Task material
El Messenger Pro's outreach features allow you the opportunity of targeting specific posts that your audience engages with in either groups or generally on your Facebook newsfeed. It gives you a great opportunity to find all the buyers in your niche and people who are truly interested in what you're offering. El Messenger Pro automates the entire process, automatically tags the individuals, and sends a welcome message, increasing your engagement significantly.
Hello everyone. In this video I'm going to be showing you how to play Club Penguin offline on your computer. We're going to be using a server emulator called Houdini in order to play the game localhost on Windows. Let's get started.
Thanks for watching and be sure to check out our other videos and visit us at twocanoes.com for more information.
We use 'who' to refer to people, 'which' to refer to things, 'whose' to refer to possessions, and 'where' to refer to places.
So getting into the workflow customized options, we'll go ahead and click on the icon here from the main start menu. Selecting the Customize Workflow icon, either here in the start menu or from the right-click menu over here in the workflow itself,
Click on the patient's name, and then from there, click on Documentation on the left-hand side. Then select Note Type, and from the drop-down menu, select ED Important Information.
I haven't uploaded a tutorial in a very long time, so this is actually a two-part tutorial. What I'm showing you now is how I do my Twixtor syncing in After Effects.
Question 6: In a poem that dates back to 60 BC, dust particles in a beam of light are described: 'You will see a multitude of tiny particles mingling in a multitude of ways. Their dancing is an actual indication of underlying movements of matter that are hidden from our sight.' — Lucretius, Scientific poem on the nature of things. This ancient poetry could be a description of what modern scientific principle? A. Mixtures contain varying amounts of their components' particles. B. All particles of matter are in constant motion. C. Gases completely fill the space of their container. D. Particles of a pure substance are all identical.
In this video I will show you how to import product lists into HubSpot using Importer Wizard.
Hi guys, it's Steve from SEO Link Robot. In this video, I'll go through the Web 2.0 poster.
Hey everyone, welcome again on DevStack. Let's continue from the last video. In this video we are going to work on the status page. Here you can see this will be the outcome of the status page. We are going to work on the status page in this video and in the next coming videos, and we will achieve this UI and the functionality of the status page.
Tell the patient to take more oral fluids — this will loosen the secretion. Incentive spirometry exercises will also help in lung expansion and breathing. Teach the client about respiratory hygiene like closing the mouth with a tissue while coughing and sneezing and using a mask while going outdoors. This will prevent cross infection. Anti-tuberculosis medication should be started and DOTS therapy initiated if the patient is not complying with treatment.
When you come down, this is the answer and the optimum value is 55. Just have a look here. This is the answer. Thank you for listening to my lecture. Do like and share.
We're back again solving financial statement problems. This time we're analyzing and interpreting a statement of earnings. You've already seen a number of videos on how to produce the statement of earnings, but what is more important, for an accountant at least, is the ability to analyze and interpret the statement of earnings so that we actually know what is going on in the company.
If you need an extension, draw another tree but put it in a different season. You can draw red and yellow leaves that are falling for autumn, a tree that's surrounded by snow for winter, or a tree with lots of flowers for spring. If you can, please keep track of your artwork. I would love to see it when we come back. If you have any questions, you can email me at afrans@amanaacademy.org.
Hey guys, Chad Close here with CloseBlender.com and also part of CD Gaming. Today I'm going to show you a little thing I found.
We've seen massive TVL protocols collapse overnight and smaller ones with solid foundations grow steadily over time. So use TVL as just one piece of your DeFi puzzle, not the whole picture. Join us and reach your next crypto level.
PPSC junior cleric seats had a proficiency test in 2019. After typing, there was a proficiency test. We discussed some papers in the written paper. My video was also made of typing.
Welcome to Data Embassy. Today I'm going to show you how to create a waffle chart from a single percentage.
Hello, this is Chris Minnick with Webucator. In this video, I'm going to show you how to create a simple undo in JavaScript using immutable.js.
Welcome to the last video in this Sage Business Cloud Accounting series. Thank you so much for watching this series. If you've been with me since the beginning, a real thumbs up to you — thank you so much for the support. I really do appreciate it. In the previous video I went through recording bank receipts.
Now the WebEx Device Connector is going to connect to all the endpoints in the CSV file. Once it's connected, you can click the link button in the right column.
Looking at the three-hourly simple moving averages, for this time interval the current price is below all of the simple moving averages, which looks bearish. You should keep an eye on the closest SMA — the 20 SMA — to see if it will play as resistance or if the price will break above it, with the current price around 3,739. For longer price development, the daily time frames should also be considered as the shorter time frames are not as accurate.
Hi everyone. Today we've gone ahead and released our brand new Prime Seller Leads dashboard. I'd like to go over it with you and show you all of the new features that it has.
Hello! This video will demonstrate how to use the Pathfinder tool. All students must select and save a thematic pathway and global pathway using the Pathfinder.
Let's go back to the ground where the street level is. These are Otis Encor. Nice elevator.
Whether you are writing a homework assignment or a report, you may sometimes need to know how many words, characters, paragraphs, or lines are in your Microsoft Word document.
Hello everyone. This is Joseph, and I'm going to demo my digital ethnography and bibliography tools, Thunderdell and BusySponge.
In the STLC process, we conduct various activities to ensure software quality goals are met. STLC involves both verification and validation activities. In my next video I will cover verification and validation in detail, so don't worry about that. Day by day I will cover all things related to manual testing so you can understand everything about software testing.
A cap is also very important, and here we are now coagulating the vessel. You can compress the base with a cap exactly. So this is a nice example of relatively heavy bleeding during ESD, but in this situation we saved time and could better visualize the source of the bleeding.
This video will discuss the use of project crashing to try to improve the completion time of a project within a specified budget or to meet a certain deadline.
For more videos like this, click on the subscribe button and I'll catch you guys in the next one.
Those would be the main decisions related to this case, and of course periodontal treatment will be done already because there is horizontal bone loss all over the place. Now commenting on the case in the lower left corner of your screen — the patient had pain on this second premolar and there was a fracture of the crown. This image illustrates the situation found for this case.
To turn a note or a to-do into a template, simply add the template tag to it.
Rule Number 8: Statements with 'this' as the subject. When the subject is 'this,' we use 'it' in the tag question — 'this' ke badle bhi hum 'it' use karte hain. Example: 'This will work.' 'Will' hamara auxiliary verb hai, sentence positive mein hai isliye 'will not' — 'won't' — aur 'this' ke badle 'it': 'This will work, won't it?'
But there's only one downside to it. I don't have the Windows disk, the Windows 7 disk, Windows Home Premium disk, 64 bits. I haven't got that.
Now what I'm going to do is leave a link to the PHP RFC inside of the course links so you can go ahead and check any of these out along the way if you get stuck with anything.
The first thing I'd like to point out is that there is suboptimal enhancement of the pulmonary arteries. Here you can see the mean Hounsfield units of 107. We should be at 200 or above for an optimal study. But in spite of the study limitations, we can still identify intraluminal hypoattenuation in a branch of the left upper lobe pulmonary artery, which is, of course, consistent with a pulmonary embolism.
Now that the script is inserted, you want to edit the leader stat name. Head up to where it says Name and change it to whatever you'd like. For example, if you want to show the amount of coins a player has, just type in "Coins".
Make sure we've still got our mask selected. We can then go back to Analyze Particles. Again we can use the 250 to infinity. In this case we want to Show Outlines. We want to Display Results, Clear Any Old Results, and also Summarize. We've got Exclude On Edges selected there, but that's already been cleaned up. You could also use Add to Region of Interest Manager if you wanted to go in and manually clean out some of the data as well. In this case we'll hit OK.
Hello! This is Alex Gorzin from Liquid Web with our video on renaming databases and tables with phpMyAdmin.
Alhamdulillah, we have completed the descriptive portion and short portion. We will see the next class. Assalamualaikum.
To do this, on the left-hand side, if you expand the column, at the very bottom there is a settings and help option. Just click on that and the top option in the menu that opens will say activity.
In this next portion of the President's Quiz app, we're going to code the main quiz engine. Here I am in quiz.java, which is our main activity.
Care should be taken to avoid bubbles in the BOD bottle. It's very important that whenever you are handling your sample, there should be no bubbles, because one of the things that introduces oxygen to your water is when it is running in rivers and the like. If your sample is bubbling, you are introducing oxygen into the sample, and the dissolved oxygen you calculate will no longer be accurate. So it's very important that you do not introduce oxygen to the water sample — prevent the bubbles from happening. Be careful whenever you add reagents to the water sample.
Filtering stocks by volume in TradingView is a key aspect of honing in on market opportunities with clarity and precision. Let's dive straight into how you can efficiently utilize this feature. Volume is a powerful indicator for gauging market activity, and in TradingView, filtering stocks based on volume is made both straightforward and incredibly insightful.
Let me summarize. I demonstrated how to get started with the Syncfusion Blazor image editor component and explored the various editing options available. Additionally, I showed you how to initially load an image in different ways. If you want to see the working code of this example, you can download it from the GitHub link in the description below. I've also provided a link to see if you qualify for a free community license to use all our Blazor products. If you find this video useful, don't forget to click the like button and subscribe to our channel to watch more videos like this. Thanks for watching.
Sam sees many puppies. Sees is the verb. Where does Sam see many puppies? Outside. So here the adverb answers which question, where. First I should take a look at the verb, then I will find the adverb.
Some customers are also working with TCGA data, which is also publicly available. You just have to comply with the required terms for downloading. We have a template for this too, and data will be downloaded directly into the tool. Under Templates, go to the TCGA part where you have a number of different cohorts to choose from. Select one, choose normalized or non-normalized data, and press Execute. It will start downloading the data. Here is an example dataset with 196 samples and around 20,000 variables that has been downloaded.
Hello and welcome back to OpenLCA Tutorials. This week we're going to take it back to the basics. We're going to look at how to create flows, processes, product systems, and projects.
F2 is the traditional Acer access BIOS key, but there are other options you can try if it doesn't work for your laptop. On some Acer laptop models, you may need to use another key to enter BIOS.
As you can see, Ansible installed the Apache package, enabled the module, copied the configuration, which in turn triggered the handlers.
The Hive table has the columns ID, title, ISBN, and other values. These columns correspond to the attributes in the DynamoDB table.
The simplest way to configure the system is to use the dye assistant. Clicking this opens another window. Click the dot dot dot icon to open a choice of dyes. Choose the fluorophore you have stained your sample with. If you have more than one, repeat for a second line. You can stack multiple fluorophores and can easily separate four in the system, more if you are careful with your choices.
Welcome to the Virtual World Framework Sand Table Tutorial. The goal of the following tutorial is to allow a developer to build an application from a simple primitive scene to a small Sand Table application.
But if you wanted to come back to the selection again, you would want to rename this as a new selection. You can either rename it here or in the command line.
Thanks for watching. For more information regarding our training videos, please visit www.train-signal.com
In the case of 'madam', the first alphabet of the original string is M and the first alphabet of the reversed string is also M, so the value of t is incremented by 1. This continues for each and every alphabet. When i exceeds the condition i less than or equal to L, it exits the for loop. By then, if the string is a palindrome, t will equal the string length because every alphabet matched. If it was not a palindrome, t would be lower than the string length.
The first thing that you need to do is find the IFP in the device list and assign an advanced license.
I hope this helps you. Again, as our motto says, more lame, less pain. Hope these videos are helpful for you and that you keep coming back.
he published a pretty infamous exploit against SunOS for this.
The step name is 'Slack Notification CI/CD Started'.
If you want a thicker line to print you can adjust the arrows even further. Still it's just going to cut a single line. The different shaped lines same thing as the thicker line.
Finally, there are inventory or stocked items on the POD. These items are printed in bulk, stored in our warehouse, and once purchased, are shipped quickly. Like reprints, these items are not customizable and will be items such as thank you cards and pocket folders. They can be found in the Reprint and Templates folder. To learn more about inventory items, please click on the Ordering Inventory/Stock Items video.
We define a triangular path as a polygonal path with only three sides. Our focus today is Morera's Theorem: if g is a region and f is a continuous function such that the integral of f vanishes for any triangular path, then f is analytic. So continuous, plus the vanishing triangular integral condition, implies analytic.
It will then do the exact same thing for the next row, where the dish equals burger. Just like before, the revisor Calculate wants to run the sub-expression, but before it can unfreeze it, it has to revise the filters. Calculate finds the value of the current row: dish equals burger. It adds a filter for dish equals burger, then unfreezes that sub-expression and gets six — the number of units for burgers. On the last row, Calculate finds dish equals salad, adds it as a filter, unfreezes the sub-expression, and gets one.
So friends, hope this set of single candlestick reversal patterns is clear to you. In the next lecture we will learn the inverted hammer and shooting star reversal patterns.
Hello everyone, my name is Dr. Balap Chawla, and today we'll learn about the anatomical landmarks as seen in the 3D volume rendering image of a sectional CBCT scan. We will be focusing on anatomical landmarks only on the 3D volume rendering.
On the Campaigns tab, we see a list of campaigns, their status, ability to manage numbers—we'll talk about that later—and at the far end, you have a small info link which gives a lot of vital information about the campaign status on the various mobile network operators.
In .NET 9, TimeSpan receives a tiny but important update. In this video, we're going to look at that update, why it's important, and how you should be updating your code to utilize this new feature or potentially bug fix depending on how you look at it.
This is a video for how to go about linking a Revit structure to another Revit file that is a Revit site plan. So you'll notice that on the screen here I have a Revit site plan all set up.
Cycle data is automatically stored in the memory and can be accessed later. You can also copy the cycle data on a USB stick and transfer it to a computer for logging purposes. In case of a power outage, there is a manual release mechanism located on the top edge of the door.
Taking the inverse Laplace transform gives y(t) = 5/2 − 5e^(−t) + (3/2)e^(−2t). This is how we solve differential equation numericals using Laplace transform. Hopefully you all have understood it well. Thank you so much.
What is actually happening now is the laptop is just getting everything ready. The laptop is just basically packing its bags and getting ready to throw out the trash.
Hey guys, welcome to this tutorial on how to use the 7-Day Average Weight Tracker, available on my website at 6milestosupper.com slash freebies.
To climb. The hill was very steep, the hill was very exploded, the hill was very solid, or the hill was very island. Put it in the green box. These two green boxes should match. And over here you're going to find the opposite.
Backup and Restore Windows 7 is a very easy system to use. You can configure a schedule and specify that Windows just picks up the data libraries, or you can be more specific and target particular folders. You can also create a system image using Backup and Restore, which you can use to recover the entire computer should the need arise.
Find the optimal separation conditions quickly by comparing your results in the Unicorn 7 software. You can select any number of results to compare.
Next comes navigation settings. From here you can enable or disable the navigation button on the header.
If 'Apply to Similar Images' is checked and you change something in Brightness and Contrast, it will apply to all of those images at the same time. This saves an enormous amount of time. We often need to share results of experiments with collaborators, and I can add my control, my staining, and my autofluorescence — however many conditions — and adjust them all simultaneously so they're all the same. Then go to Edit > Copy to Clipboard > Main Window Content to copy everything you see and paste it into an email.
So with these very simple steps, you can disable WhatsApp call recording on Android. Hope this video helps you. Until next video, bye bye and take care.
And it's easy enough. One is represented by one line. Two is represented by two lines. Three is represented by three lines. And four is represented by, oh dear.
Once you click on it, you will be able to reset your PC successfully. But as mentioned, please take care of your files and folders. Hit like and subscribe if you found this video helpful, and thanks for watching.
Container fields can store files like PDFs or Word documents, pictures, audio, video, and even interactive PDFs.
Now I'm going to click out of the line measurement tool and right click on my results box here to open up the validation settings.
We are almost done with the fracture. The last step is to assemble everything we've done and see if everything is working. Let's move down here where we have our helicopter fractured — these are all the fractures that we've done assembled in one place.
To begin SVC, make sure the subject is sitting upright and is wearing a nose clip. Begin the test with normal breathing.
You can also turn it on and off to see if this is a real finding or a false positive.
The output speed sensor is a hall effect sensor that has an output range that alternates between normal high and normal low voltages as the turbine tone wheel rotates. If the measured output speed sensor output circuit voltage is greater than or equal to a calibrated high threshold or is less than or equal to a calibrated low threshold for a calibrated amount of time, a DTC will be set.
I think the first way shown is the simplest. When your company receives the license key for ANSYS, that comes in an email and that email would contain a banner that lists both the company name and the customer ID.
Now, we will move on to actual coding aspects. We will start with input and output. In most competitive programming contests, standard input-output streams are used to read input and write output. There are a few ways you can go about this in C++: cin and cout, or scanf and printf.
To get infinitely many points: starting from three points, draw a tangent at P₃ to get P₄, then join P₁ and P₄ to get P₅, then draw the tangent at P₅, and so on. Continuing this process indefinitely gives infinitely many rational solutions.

Exercise brief
In the listing above, locate the line with "So friends, hope" and the line with "Hello everyone, my", then extract exactly those lines and every line between them, and nothing more.

Response area
So friends, hope this set of single candlestick reversal patterns is clear to you. In the next lecture we will learn the inverted hammer and shooting star reversal patterns.
Hello everyone, my name is Dr. Balap Chawla, and today we'll learn about the anatomical landmarks as seen in the 3D volume rendering image of a sectional CBCT scan. We will be focusing on anatomical landmarks only on the 3D volume rendering.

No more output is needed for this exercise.